== Source data ==

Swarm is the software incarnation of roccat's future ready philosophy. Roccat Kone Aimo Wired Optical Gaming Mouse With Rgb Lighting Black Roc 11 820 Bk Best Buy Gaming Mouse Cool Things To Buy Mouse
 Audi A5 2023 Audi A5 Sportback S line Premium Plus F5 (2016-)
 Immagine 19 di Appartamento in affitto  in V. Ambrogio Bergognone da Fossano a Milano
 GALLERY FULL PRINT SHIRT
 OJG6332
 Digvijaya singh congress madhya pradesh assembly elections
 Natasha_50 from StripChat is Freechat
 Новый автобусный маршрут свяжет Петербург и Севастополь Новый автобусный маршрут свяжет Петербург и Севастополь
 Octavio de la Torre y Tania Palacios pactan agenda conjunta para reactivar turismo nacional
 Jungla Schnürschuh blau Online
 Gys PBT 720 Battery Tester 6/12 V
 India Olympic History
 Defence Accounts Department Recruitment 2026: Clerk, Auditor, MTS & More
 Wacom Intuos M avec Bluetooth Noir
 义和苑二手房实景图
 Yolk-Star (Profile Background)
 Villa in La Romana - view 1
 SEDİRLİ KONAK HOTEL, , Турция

===

Write out every line of the data exactly, leaving nothing out.

▶ _Response for this exercise_
Swarm is the software incarnation of roccat's future ready philosophy. Roccat Kone Aimo Wired Optical Gaming Mouse With Rgb Lighting Black Roc 11 820 Bk Best Buy Gaming Mouse Cool Things To Buy Mouse
 Audi A5 2023 Audi A5 Sportback S line Premium Plus F5 (2016-)
 Immagine 19 di Appartamento in affitto  in V. Ambrogio Bergognone da Fossano a Milano
 GALLERY FULL PRINT SHIRT
 OJG6332
 Digvijaya singh congress madhya pradesh assembly elections
 Natasha_50 from StripChat is Freechat
 Новый автобусный маршрут свяжет Петербург и Севастополь Новый автобусный маршрут свяжет Петербург и Севастополь
 Octavio de la Torre y Tania Palacios pactan agenda conjunta para reactivar turismo nacional
 Jungla Schnürschuh blau Online
 Gys PBT 720 Battery Tester 6/12 V
 India Olympic History
 Defence Accounts Department Recruitment 2026: Clerk, Auditor, MTS & More
 Wacom Intuos M avec Bluetooth Noir
 义和苑二手房实景图
 Yolk-Star (Profile Background)
 Villa in La Romana - view 1
 SEDİRLİ KONAK HOTEL, , Турция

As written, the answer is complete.